- Born: August 10, 1913 New York, New York, United States
- Died: June 17, 1995 (aged 81) California, United States
- Occupations: Screenwriter, Film Producer
- Years active: 1944-1966
- Awards: Best Original Screenplay 1959 Pillow Talk

= Clarence Greene =

American film producer

Clarence Greene (August 10, 1913 – June 17, 1995) was an American screenwriter and film producer who is noted for the "offbeat creativity and originality of his screenplays and for films noir and television episodes produced in the 1950s.

==Career==
Starting with the 1944 film The Town Went Wild, Greene co-wrote many stories and scripts with Russell Rouse. The partners are noted for their work on a series of six film noirs, starting with D.O.A. (directed by Rudolph Maté-1949).

With The Well (1951), they took on directing and producing: Rouse as director and Greene as producer. This collaboration continued with The Thief (1952), Wicked Woman (1953), New York Confidential (1955), and House of Numbers (1957).

In the late 1950s, Greene and Rouse formed Greene-Rouse Productions, which created the television series Tightrope that ran for one season (1959–1960) as well as two films in the 1960s.

In addition to their noir work, Rouse and Greene produced two westerns: The Fastest Gun Alive (1956) and Thunder in the Sun (1959). The 1959 film Pillow Talk was based on their story.
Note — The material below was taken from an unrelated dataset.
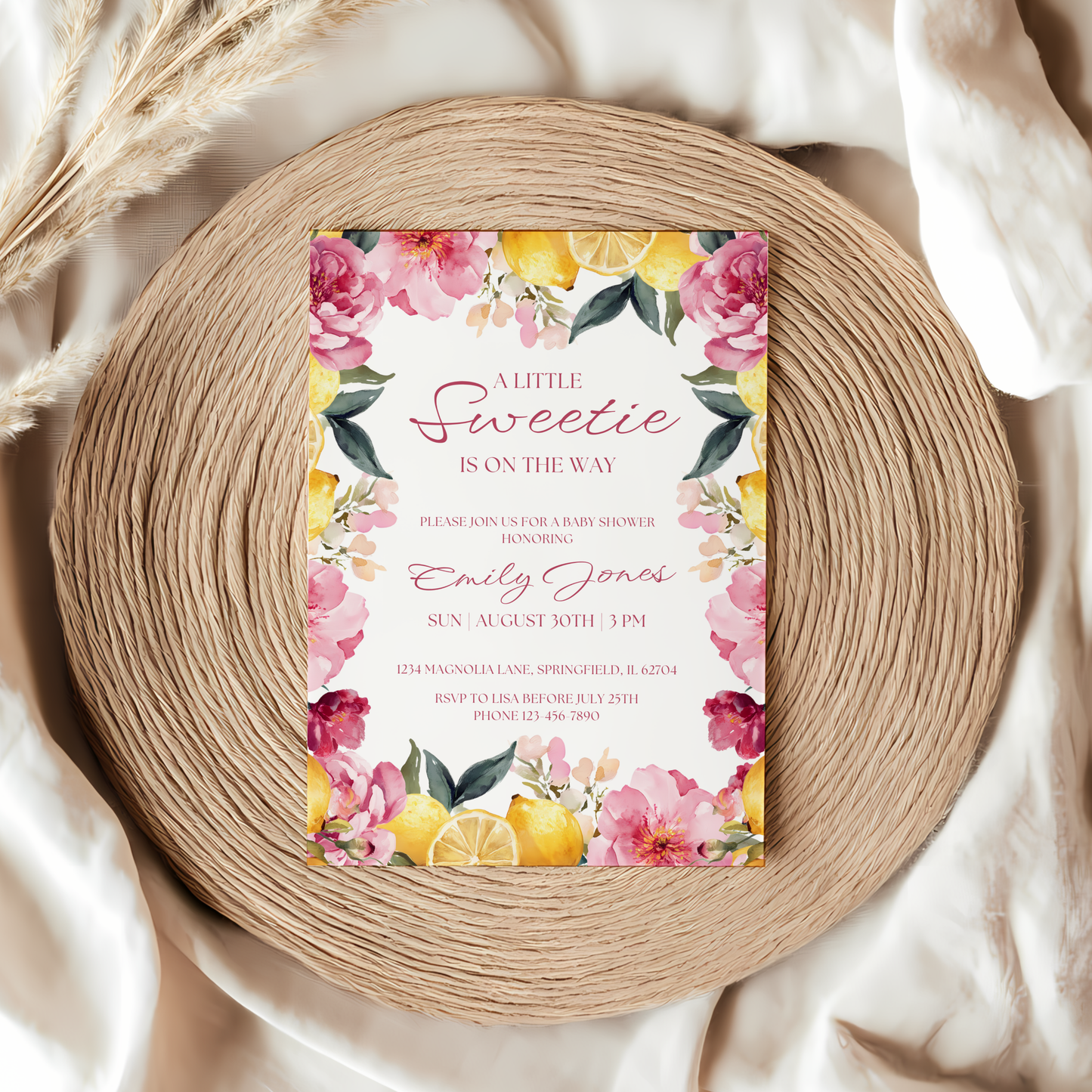 Baby Shower Invitation - Floral Lemon Summer Vintage Little Sweetie BS115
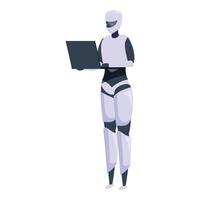 Humanoid robot working on laptop using ai software vector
Their careers drew to a close shortly after the unsuccessful film The Oscar (1966).

Rouse and Greene were nominated for the Academy Award for writing The Well (1951). They received the Academy Award for Pillow Talk (1959) (with Maurice Richlin and Stanley Shapiro). D.O.A. has been preserved in the National Film Registry. That film has been remade several times, and they were credited as writers on two of them: the Australian remake Color Me Dead from 1969 and the D.O.A remake of 1988.